Odishatv Bureau
Jerusalem: The "Palestine Papers" leaked by Qatar based al-Jazeera network has exposed extensive cooperation between Israel and the Palestinian Authority (PA)`s security services, including a planned assassination of a commander of the al-Aqsa Martyrs Brigades.

In a report on its English-language website titled, `The al- Madhoun assassination`, the network alleges that PA has "shown operational willingness to co-operate with Israel to kill its own people".

The allegation is said to be based on apparent handwritten notes of a meeting between Israel`s then defence minister, Shaul Mofaz, and Palestinian minister of interior, Nasser Youssef.

At a meeting in 2005 in Tel Aviv, Mofaz is quoted as asking Youssef why the PA doesn`t kill Hassan al-Madhoun, affiliated with Fatah`s al-Aksa Martyrs Brigades and someone Israel accused of being behind the deadly attacks at Ashdod Port and the Karni crossing.

The PA interior minister reportedly responds saying that instructions were given to the head of Fatah?s Preventive Security Organisation in Gaza, and "we`ll see".

"He is not Hamas and you can kill him," Mofaz is quoted as saying, to which Youssef replies, "We work, the country is not easy, our capabilities are limited, and you haven`t offered anything."

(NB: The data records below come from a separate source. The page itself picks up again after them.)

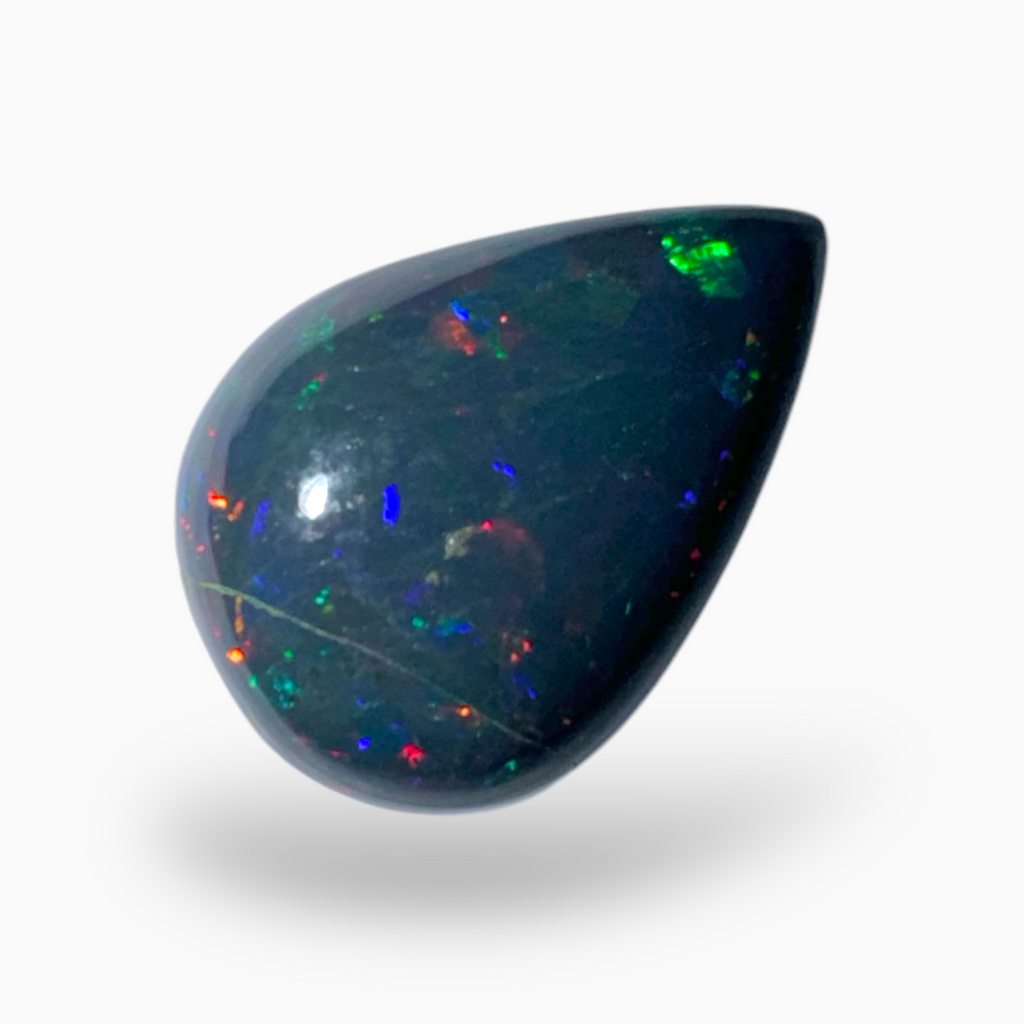 Natural Black Ethiopian Opal Stone 1.62 Carats Pear Cabochon Shape Size 11X8mm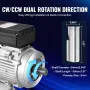 VEVOR 1.5KW Electric Motor 1400 rpm, AC 220~240V 9.85A, 90L, B34 Frame, Air Compressor Motor Single Phase, 24mm Keyed Shaft, CW/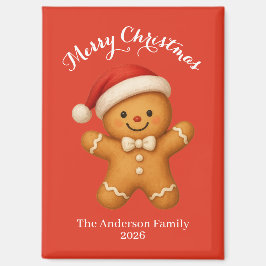 Cute Gingerbread Man with Santa Hat -  Magneet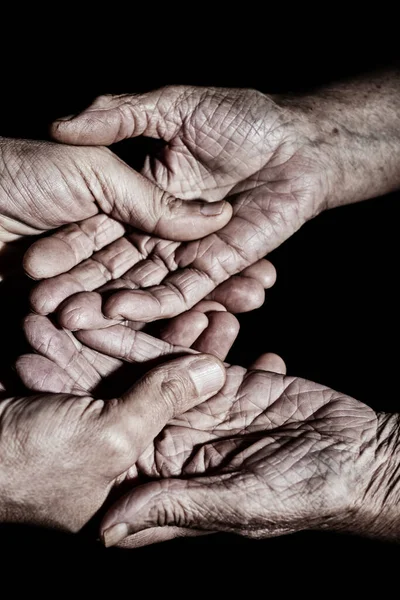 Closeup Young Caucasian Man Holding Hands Old Caucasian Woman Affection — Stock Photo, Image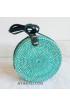 coloring rattan circle sling leather bags turquoise color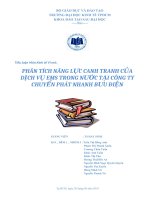 PHÂN TÍCH NĂNG lực CANH TRANH của DỊCH vụ EMS TRONG nước tại CÔNG TY CHUYỂN PHÁT NHANH bưu điện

Madhoun was killed by a missile fired by an Israeli helicopter less than a month after the meeting, the pan-Arab network said.

In one of the security coordination meetings between Israel and the PA described in the documents released by al-Jazeera, chief Palestinian negotiator, Saeb Erekat, describes the PA as the only Arab regime which exerts control over the speeches made in mosques and Muslim charitable organizations.

Erekat added that the PA was forced to kill their "own people" in order to prove that it was establishing law and order in territories under its control.

The negotiator was apparently referring to an incident in Qalqilyah in which Palestinian police killed six Hamas members, and in which two police officers were also killed in the firefight.

According to one document released yesterday, Palestinian Prime Minister Salam Fayyad opposed the opening of Gaza`s border crossings, fearing that this would be interpreted as a victory for Islamist Hamas, which rules the Gaza Strip.